No enrolment conversion data is available yet. We expect to add a 90-day update when it is.


What We Learned

Positioning is a strategic decision, not a copywriting decision. The choice to lead with warmth rather than credentials changed what the site was capable of attracting. The founder’s credentials are real. They now work where they belong: as proof, not as pitch.

Architecture compounds faster than content. Getting the multi-venue structure right at launch meant that every venue page started earning search coverage from day one. A single-page site that mentioned venues in passing would have taken months longer to build that footprint.

Speed is table stakes, not a premium feature. A ten-second mobile load is invisible to search. It also signals to any parent who does reach the site that the business may be similarly dated in other respects. Page speed is not an optimisation. It is the minimum for being competitive in local search.

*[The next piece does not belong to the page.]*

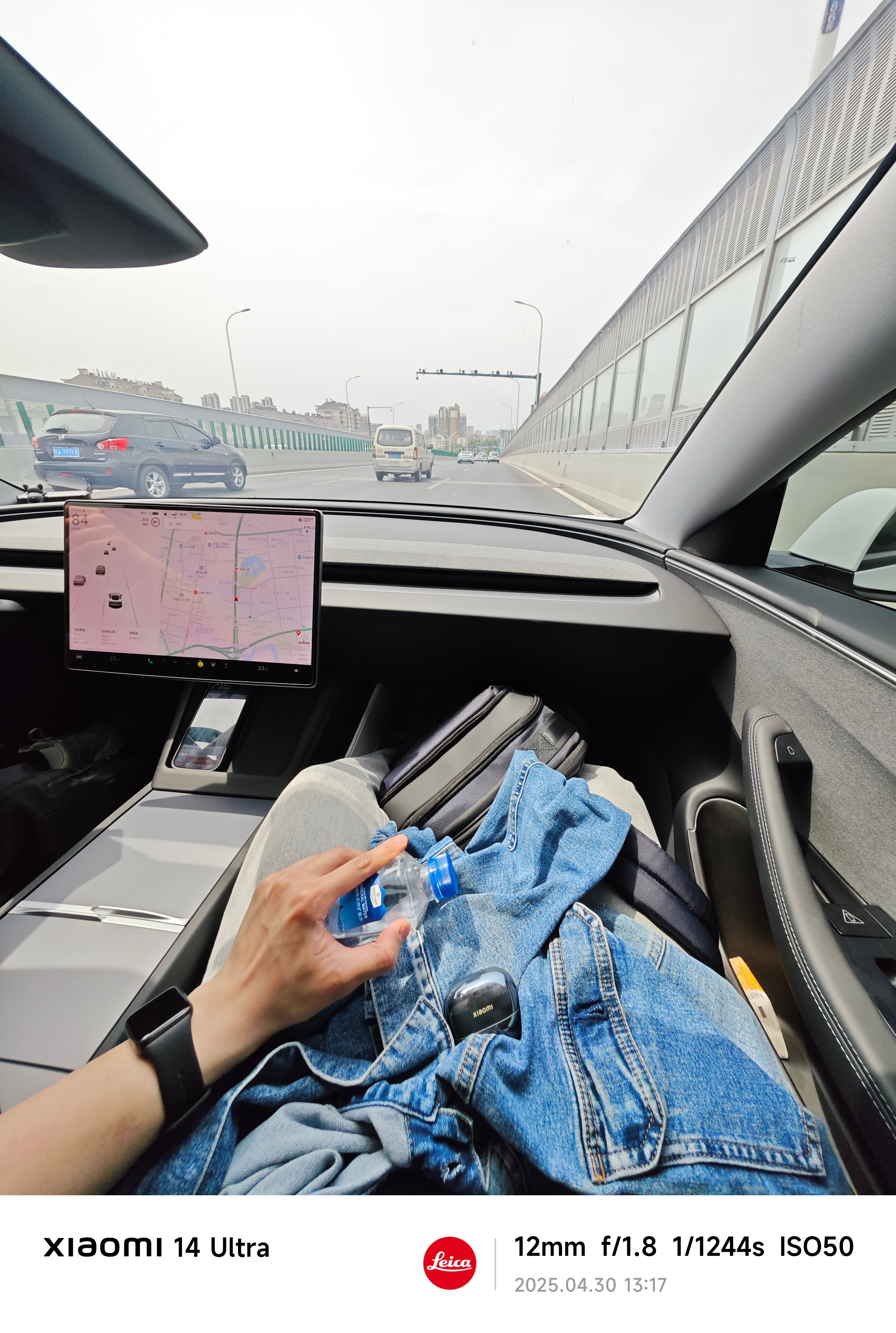 实在等不及候补票了，打了辆不到5000km的特斯拉Model3顺风车，回家～g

Content gaps are the AI-visibility roadmap. The queries where the school does not appear in AI answers map directly onto pages that do not yet exist: toddler classes, broad regional searches. Running that probe before planning a content calendar is more useful than most keyword research exercises because it shows you exactly what the answer engine wanted and could not find.

Leadership Takeaways

  • Lead with what the customer wants to hear, not what you are proudest of. Credentials matter, but they earn their place after warmth and relevance have been established, not before. The instinct to open with your strongest achievements can cost you the audience that would most benefit from what you offer.

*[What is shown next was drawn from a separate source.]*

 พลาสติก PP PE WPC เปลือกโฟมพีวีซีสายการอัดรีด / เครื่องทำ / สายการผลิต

  • Build the architecture for where you are going, not where you are. A site built for one venue cannot scale to five without a rebuild. A site built for five scales to ten without one. Structural decisions made at launch compound across years; they are worth the investment even when the second venue is still months away.

  • Non-brand traffic is the real growth signal. Brand searches tell you existing awareness is working. Non-brand searches tell you the site is earning discovery from people who have never heard of you. If your early search traffic is almost entirely your own name, the site is not yet a growth engine.

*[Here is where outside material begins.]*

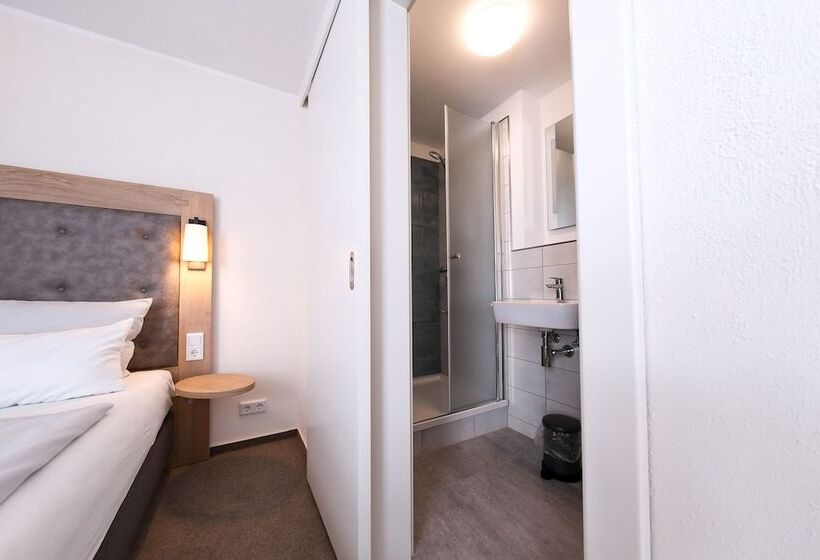 פנסיון 24/7 Selfcheckin Schmiedestrasse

  • AI visibility is a content audit in disguise. Run your core queries through the major answer engines before you plan your next quarter’s content. The gaps (the queries where your business does not appear) are a precise list of the content you have not built yet. It is more actionable than most keyword tools.

  • Do not automate away your best conversion asset. This school’s trial booking flow was designed around the owner calling every enquiry within 24 hours, rather than sending an automated response. At the enquiry volumes a regional school handles in year one, that personal call converts significantly better than any automated sequence. The system was built to surface leads and get out of the way.